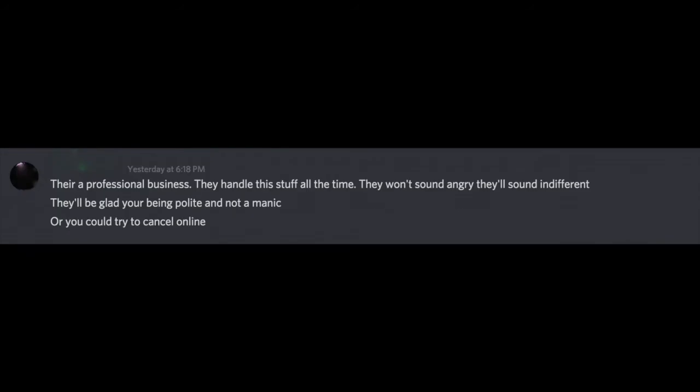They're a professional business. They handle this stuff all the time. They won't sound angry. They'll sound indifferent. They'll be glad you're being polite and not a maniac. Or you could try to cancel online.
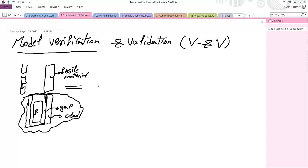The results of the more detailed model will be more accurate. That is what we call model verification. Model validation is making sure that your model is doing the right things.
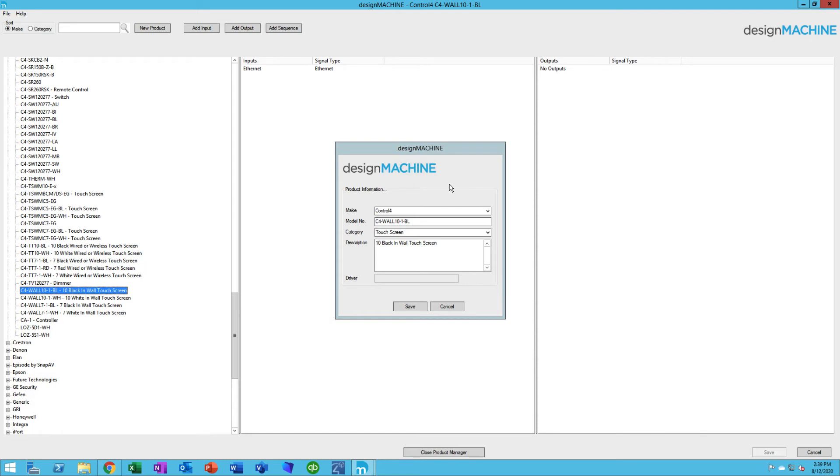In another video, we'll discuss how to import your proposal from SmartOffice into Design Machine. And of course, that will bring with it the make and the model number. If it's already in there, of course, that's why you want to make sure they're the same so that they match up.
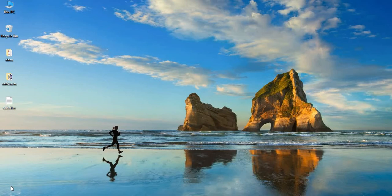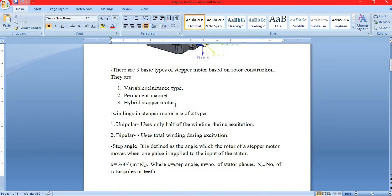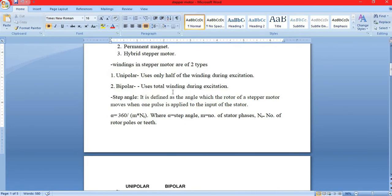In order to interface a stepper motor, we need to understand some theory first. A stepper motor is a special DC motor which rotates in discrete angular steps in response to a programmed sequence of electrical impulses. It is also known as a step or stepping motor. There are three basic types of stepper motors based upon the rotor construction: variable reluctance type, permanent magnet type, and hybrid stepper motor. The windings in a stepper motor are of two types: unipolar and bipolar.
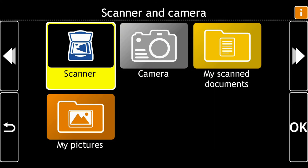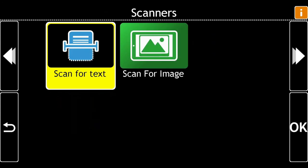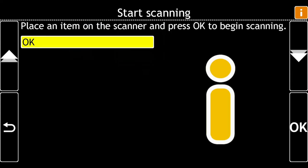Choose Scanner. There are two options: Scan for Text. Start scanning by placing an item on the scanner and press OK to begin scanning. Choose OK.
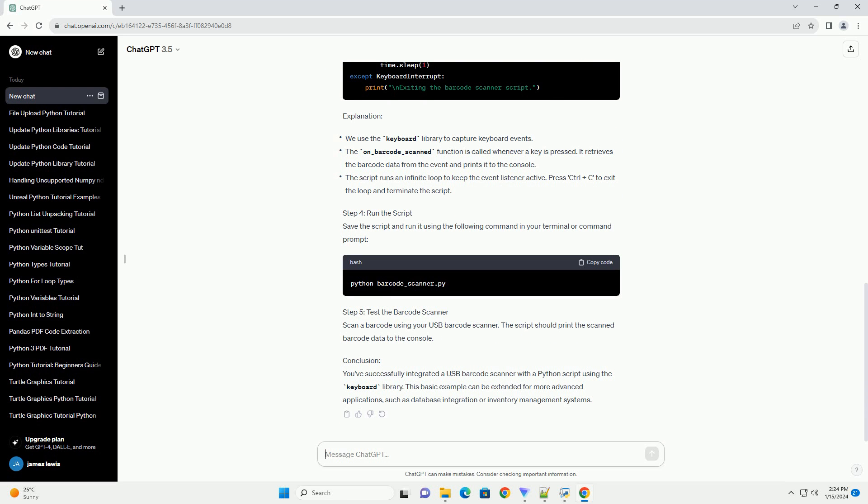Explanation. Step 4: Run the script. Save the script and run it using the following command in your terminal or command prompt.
____________________
▶ EXERCISE: Without altering a word, return all of the records above and leave out their pictures.

▶ RESULT BELOW:
They're a professional business. They handle this stuff all the time. They won't sound angry. They'll sound indifferent. They'll be glad you're being polite and not a maniac. Or you could try to cancel online.
The results of the more detailed model will be more accurate. That is what we call model verification. Model validation is making sure that your model is doing the right things.
In another video, we'll discuss how to import your proposal from SmartOffice into Design Machine. And of course, that will bring with it the make and the model number. If it's already in there, of course, that's why you want to make sure they're the same so that they match up.
In order to interface a stepper motor, we need to understand some theory first. A stepper motor is a special DC motor which rotates in discrete angular steps in response to a programmed sequence of electrical impulses. It is also known as a step or stepping motor. There are three basic types of stepper motors based upon the rotor construction: variable reluctance type, permanent magnet type, and hybrid stepper motor. The windings in a stepper motor are of two types: unipolar and bipolar.
Choose Scanner. There are two options: Scan for Text. Start scanning by placing an item on the scanner and press OK to begin scanning. Choose OK.
Explanation. Step 4: Run the script. Save the script and run it using the following command in your terminal or command prompt.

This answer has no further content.